4.3.2.3. DNA-based sensors for use in super-resolution microscopy. Recent technical developments in the field of microscopy have been remarkable, and it is believed that cellular tension imaging could also take advantage of the same advances. Indeed in 2020, X. Wang's group demonstrated single-molecule integrin tension imaging and obtained a force map with an unprecedented 50 nm spatial resolution by cellular force nanoscopy (CFN).109 Using an ITS type of tension probe in tandem with a single-molecule localization microscopy technique, they used CFN for the real-time single-molecule force imaging in fast-moving live cells (Fig. 6A). Later that same year, K. Salaita's group developed a platform for imaging molecular tension at the sub-100 nm resolution. They used an hpDNA-based tension probe and adopted the working principle for DNA point accumulation for imaging in nanoscale topography (DNA-PAINT), and called this tension PAINT (tPAINT).110 Like CFN, tPAINT can also be used for super-resolution cellular tension imaging in live cells (Fig. 6B).

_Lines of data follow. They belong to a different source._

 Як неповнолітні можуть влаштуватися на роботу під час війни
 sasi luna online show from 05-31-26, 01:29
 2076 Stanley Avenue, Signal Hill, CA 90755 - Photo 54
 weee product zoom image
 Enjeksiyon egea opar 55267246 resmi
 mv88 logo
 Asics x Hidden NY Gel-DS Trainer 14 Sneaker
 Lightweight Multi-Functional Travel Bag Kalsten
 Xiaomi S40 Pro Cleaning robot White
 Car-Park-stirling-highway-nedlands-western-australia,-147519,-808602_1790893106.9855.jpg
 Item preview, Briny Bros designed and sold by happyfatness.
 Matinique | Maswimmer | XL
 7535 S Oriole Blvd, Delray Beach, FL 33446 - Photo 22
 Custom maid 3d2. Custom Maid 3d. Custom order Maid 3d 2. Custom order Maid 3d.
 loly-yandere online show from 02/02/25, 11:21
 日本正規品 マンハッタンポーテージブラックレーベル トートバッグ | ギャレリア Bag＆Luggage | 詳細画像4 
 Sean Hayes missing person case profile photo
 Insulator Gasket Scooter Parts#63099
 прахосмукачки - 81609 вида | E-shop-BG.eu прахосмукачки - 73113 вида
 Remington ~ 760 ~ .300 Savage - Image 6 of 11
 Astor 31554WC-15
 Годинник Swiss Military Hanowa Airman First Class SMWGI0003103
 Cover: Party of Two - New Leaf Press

The same group developed a technique combining structured illumination microscopy and molecular force microscopy (SIM-MFM) for super-resolution molecular force imaging.111 Using CFN, Wang's group imaged the single-molecule integrin force at sub-micron-sized podosome adhesion ring and cellular extension structured filopodia.112,113 They showed that, unlike FA, the structural maturation of podosomes does not depend on the extracellular integrin–ligand tension, and that filopodia generate nodal integrin force along their length.
image file: d4tb01858c-f6.tif
Fig. 6 A. Schematic representation of the mechanism of CFN and single-molecule integrin force imaging under migrating keratocyte; reproduced with permission from ref. 109, Copyright 2020, American Chemical Society. B. Schematic representation of the tPAINT working mechanism and diffraction-unlimited image of integrin force under a platelet; reproduced with permission from ref. 110, Copyright 2020, Springer Nature America, Inc. C. Imaging of integrin force in the podosome adhesion ring using DNase-resistant ITS; reproduced with permission from ref. 112, Copyright 2022, American Chemical Society. D. Imaging of cooperative integrin force with programmable multivalent DNA-origami tension probes; reproduced with permission from ref. 114, Copyright 2018, American Chemical Society.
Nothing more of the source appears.